The membrane potential of the two strains after treatment with 1 MIC and 2 MIC of OOPE at 37°C for 30 min was measured according to previous reports with minor modifications (Shan et al., 2007; Fei et al., 2018). Untreated cells were used as negative controls. Bis-(1,3-dibutylbarbituric acid) trimethine oxonol [DiBAC4 (3); Beijing Solarbio Sciences and Technology Co. Ltd., Beijing, China] was used as a membrane potential-sensitive fluorescent probe. Cells were grown in NS at 37°C to an OD₆₀₀ of 0.5 and centrifuged at 5000 × g for 5 min. Bacterial suspension after being washed twice with phosphate-buffered saline (pH 7.0) and DiBAC4 (3) fluorescent probe was added to a black, opaque 96-well plate (Corning Institute) to balance at 37°C for 30 min. OOPE was added to achieve final concentrations of 0 MIC, 1 MIC, and 2 MIC. Fluorescence was recorded at the excitation and emission wavelengths of 492 and 515 nm, respectively, using a fluorescence microplate reader (Infinite 200 PRO; Tecan, Grodlg, Austria).
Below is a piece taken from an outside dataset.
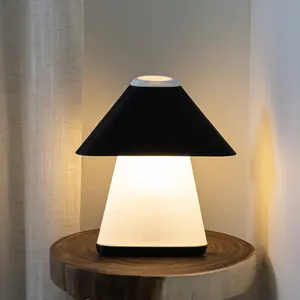 JONATHAN Y Enzo Modern Contemporary Plant-Based PLA 3D Printed Dimmable LED Table Lamp , for bedroom, living room, foyer, hallways, dining room, dorms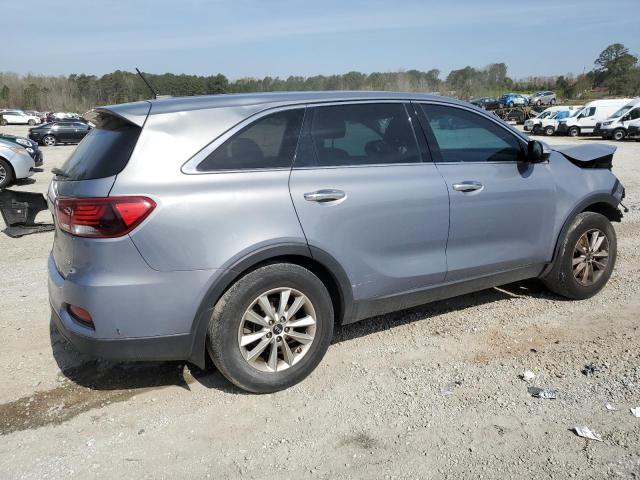 5XYPG4A33KG610806 - 2019 KIA SORENTO L SILVER photo 3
Sodium dodecyl sulfate–polyacrylamide gel electrophoresis observation

To investigate the effect of OOPE on bacterial proteins, the sodium dodecyl sulfate–polyacrylamide gel electrophoresis (SDS-PAGE) analysis was performed. Approximately 10⁷ CFU/mL of the tested strains was treated by 1 MIC of OOPE at 37°C for 3, 6, 9, and 12 h, respectively, whereas untreated tested strains were used as negative controls.

The SDS-PAGE process was performed in accordance with the method provided by Chen et al. (2017).

Gels were dyed with 0.1% Coomassie Brilliant Blue R250 and destained with glacial acetic acid and methanol in distilled water. After decoloration, photographs of protein gels were taken using the Gel DocTM EZ imaging system (Bio-Rad, CA).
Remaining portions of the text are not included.